EXERCISE DATA —
══════
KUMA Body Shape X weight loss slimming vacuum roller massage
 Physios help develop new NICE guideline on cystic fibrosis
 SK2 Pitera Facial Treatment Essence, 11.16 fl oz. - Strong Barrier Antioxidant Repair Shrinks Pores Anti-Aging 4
══════
EXERCISE PROMPT —
Restate the data exactly, keeping every line intact.

EXERCISE OUTPUT —
KUMA Body Shape X weight loss slimming vacuum roller massage
 Physios help develop new NICE guideline on cystic fibrosis
 SK2 Pitera Facial Treatment Essence, 11.16 fl oz. - Strong Barrier Antioxidant Repair Shrinks Pores Anti-Aging 4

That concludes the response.